Sydney Thomas, who was the first hire at Precursor Ventures, a seed and early-stage focused fund led by Charles Hudson, has been promoted from senior associate to principal. Thomas is joined by Hudson, analyst Ayanna Kerrison and entrepreneur-in-residence Chapman Snowden, to make up Precursor.

After graduating from the Haas School of Business at Berkeley in 2016, Thomas joined Precursor to do what Hudson says most applicants wouldn’t: the operational work of bringing a solo-GP fund, then with less than $5 million in committed capital, to a more organized place.

“The fund was basically running out of my inbox,” Hudson said. “She really helped us get to a much better place operationally.” Thomas started off as an intern, toggling time between working for a Precursor portfolio company and the fund itself, and eventually came on as a senior associate.

As a principal, Thomas will now have more discretion to do deals and make decisions for the firm. “The goal was always for her to get us to a place operationally where she wasn't as critical,” Hudson notes. Thomas did not respond to request for comment.

Roles within venture have grown increasingly, and often intentionally, vague over time. At any given fund, there can be principals, investors, partners, investing principal partners and senior associate investors. Depending on the fund, each person could just go under the guise of "partner" and call it a day. But in action, every member on a venture team has a varying range of investment autonomy, decision-making authority and weight at the firm.
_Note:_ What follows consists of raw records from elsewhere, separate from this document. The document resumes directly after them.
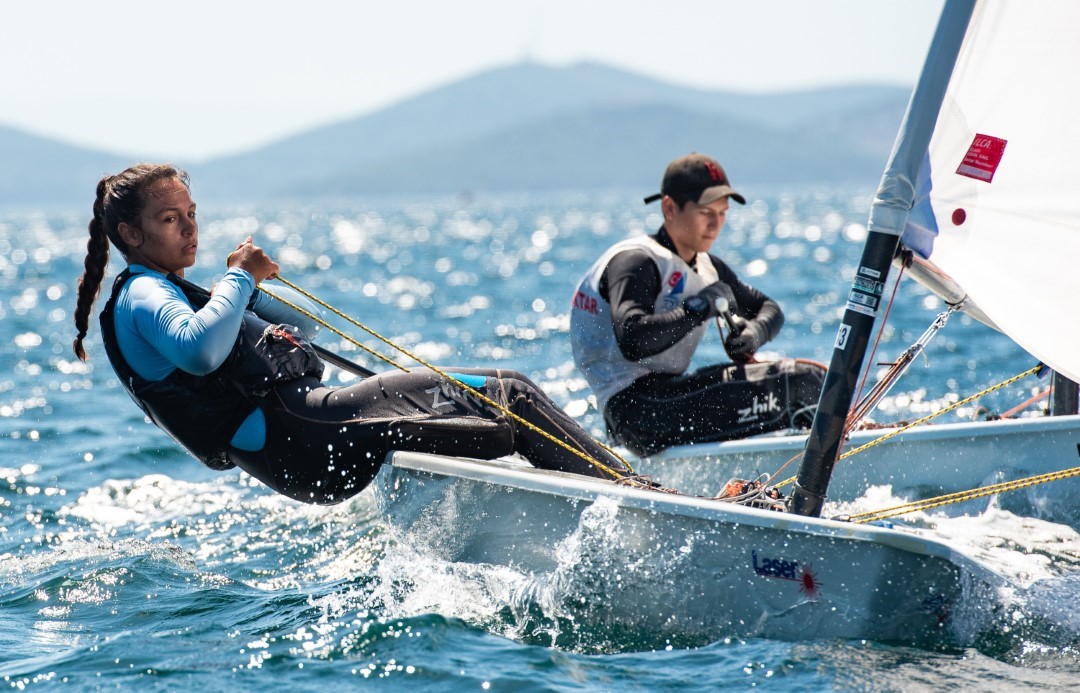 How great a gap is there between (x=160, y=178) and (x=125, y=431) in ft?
13.7

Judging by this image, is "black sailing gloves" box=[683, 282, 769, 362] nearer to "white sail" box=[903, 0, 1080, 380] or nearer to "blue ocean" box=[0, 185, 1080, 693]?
"blue ocean" box=[0, 185, 1080, 693]

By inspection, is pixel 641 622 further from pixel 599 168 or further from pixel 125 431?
pixel 599 168

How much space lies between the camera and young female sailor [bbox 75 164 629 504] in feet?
11.3

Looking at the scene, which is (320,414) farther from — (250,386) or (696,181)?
(696,181)

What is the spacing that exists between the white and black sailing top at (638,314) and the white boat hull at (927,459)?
0.41 meters

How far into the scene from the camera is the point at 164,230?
355cm

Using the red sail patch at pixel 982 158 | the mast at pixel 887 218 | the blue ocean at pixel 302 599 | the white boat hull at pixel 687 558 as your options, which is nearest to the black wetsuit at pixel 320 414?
the white boat hull at pixel 687 558

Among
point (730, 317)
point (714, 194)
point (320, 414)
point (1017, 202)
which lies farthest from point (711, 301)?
point (320, 414)

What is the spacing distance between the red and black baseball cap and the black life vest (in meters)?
1.77

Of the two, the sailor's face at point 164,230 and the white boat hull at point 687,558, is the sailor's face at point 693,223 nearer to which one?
the white boat hull at point 687,558

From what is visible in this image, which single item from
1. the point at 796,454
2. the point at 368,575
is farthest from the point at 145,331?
the point at 796,454

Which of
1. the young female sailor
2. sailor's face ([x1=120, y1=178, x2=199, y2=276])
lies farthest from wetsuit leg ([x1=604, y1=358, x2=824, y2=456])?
sailor's face ([x1=120, y1=178, x2=199, y2=276])

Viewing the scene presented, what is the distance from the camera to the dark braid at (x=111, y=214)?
3.51 meters

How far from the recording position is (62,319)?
1455 cm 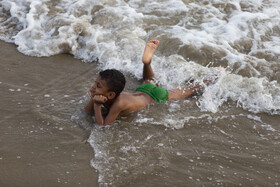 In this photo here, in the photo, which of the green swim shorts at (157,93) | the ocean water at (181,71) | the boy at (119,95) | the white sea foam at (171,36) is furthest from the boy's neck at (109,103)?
the white sea foam at (171,36)

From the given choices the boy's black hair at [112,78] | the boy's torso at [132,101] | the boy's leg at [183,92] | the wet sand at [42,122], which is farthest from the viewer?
the boy's leg at [183,92]

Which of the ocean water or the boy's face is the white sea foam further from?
the boy's face

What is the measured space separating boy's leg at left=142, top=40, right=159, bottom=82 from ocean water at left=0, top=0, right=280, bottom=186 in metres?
0.17

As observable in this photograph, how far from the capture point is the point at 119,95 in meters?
3.73

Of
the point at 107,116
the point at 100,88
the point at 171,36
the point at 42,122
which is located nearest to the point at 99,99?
the point at 100,88

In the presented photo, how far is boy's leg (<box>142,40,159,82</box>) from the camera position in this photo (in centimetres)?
425

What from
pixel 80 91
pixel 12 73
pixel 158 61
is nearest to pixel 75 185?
pixel 80 91

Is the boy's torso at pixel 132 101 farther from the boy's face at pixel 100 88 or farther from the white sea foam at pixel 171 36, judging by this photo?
the white sea foam at pixel 171 36

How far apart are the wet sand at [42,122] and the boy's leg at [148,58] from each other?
2.36 feet

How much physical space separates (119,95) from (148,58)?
77 centimetres

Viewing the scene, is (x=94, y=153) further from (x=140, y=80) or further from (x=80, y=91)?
(x=140, y=80)

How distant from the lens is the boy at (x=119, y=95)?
350 centimetres

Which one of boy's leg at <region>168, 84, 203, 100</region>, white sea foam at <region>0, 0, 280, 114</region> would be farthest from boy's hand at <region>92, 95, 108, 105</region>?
white sea foam at <region>0, 0, 280, 114</region>

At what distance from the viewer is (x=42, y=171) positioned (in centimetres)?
280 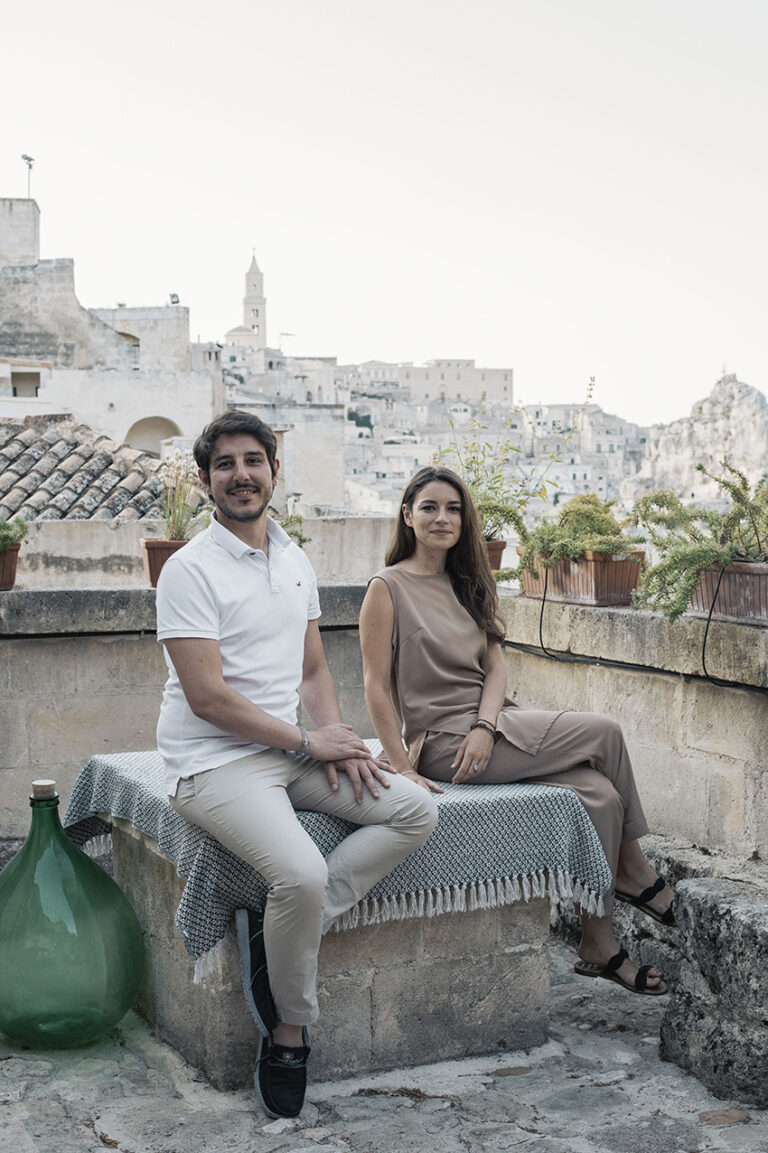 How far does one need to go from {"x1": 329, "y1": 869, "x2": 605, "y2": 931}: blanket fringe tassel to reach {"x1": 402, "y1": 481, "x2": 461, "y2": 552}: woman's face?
102cm

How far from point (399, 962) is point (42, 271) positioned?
60.3 ft

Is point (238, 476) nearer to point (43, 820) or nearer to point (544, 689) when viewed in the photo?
point (43, 820)

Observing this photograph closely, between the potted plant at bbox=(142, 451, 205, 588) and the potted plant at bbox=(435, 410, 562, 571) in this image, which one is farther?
the potted plant at bbox=(142, 451, 205, 588)

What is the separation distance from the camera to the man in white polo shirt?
3.03m

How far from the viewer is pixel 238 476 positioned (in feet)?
10.8

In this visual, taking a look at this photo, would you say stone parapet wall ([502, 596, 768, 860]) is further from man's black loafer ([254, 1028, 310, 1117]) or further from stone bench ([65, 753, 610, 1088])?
man's black loafer ([254, 1028, 310, 1117])

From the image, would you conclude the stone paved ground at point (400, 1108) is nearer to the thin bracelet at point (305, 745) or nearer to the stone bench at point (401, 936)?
the stone bench at point (401, 936)

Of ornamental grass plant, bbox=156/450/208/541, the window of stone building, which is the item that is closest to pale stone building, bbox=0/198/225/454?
the window of stone building

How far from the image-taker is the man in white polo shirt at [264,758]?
3.03 meters

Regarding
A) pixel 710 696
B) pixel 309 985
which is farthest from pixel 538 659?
pixel 309 985

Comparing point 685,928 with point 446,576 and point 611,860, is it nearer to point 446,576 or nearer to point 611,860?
point 611,860

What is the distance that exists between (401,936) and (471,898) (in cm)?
22

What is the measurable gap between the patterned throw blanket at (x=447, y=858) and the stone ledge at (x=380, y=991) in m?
0.11

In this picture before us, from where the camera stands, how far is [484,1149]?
294 cm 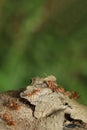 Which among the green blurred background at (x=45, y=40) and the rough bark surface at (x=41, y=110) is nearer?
the rough bark surface at (x=41, y=110)

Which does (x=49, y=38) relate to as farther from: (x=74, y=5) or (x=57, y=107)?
(x=57, y=107)

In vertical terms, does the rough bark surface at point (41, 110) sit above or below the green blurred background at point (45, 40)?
below

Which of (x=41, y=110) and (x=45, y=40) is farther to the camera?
(x=45, y=40)

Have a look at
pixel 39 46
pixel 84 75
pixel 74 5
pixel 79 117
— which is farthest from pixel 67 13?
pixel 79 117

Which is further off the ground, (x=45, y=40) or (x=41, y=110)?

While the vagueness can balance out egos within a firm, it can often leave founders confused over who has the ability to give them money.

Hudson says he takes role differentiation seriously, and (patiently) wants to build Precursor into a place that helps people in venture get their first start. With Thomas’s promotion, she has the ability to green light investments without the mass overhead of what it means to be a partner.

“I think the only reason to make someone a principal is if you think that they could develop into a partner,” he said.